Craig Hockenberry of Iconfactory (Twitterific, etc) on UI design and the iPhone

The particularly interesting bit that UI & us pulls out is how little the mouse and keyboard has actually changed compared to computing power. The iPhone is a completely new user interface paradigm that forces developers to completely retrain themselves. (Interestingly, I prefer Tweetie over Twitterific on the iPhone.)

1/17/2009

The Palm Pre and Smart Phone Platforms

I am quite excited by the Palm Pre - largely because I'm hoping it will prove a worthy competitor to apple.  I don't mean this from an Apple fanboy perspective (well, not mostly).  What I want to see is an alternative smart phone operating system design model.  

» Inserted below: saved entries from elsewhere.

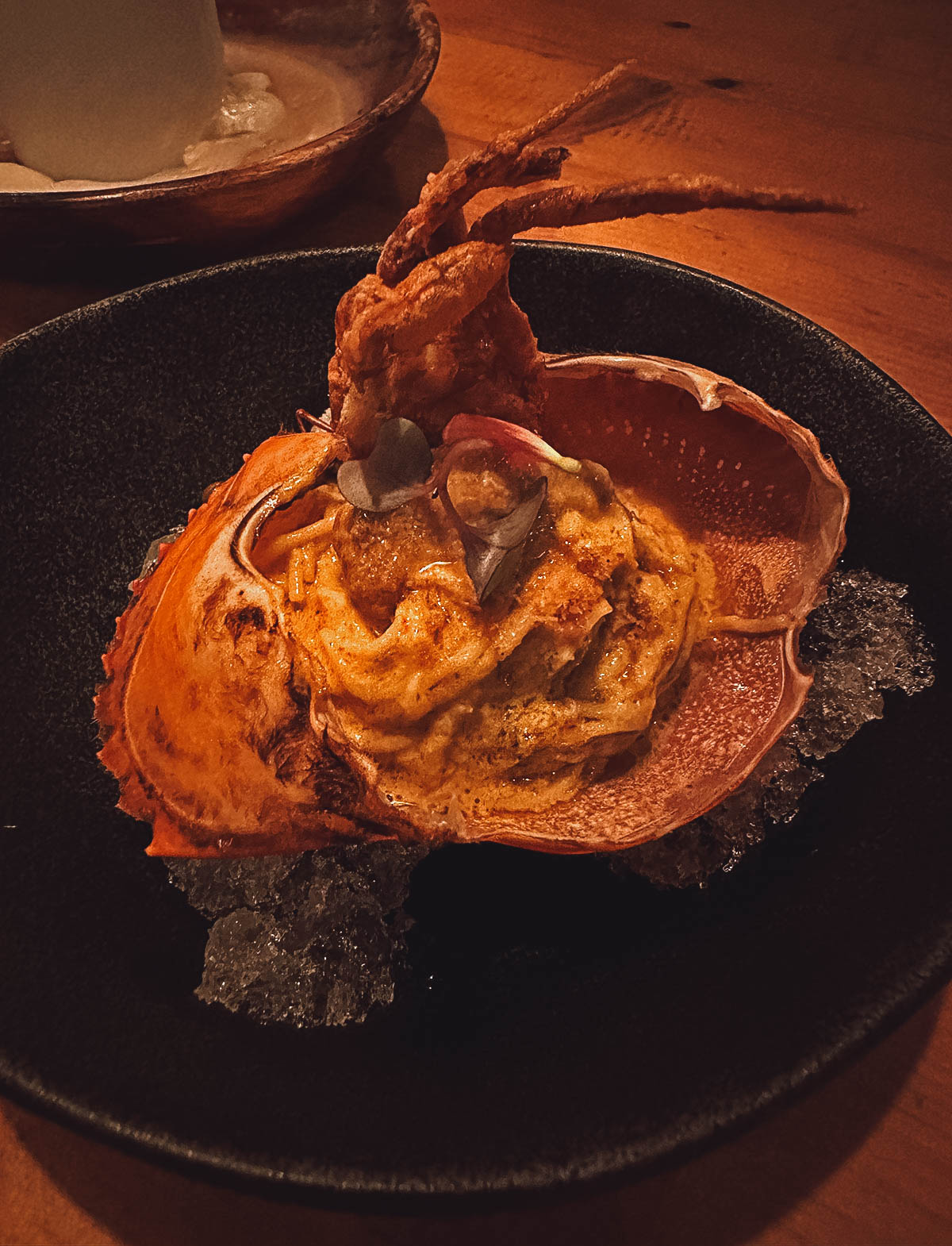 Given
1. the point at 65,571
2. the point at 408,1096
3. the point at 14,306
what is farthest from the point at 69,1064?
the point at 14,306

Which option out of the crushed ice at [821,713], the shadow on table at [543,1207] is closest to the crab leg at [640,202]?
the crushed ice at [821,713]

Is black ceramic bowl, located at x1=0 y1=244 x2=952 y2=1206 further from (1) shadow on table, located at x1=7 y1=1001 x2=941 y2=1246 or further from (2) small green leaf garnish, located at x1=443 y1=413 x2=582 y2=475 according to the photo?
(2) small green leaf garnish, located at x1=443 y1=413 x2=582 y2=475

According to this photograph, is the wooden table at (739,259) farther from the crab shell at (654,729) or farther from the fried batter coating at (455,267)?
the fried batter coating at (455,267)

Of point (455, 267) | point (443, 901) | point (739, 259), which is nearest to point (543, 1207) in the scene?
point (443, 901)

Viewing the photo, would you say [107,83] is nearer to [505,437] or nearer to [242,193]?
[242,193]

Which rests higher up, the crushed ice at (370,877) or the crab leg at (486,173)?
the crab leg at (486,173)

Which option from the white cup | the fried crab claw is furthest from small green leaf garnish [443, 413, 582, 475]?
the white cup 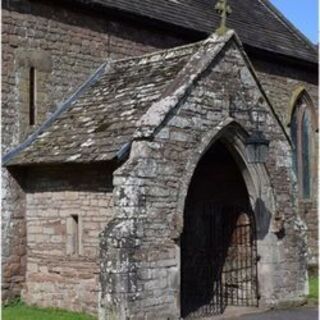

The iPhone uses a variant on the Mac philosophy of integrated OS and hardware with fairly locked down apps but a healthy hacker community.  This model emphasizes design and build quality and tends to deliver an unparalleled user experience.  The iPhone was the first all-in-one that didn't suck, it is still very young and has much room for improvement, but it is miles ahead of the alternatives.  The single biggest asset for the iPhone platform is the developer SDK - the Apple developers have the single best coding language around with Cocoa and a remarkable set of provided tools that greatly speed up the process and improve the overall quality of the app ecosystem.  And that's before you count the amazing indie mac developer community.  

Android has a lot of potential, but it seems to be progressing too slowly - as is typical for Linux, it's closest comparison in the computer world.  There is not enough developer support or good SDK, it is really only suitable for the hobbyist hackers - in a decade or so it may catch up... barely.  The best bet for Android is if Google really puts more resources behind it and gets some quality designers working on the thing, but even then it will always be a cool, very versatile open source platform that delivers a mediocre user experience at best and shitty design.  

Blackberry is great for email, and just email.  It is a dedicated device with a very clear design focus, as all good dedicated devices are, but it is not even close to being a real all-in one.  The others - windows mobile and um, symbian? and whoever else - well, they're all in the just plain sucking category.  In about 5 or 10 years one of them will come along and pull a windows 95 - do a 'good enough' copy of the iPhone OS without a platform-tie-in.  It will gain reasonable market share, but always offer a suckier user experience and ripped-off designs that prove that their 'designers' don't have even a basic grasp of what good UI design is but it will look 'close enough' for the cheap-ass morons that don't value design or build quality.  

The Pre though, it offers a whole new design paradigm - probably closest in nature to the webapps that are the latest fad in Web 2.0.  It is built using all web standards - Java, html, and all that jazz.  This means that it integrates extremely well with the existing net services - it will pull in your facebook friend's contact info into it's equivalent of the contact book for example.  Really, it is a whole new paradigm beyond the windowed OS experience with it's cards concept - very very fascinating UI idea that has a ton of potential power.  The fact that it is all built essentially as webpages makes the barrier to entry for designers extremely low - I could do it - but also poses a very severe limit on the power and flexibility.  There is no way you can create the sort of rich apps that you get from the Mac or iPhone Cocoa environment - and apps are what makes or breaks any computing platform.  I see huge potential for Pre to be a great low-power device - akin to a netbook maybe in utility, ideal as a personal organizer and such, but distinctly limited in power, versatility, and design polish.  The biggest unknown right now, is how well designed the Pre OS will be - they have a lot of talent, so they could really pull it off - I certainly hope so.  That whole Sprint-exclusive to start dealio is a huge setback though - Sprint might as well not exist for all the coverage they provide and they have worse customer service than even AT&T remarkably.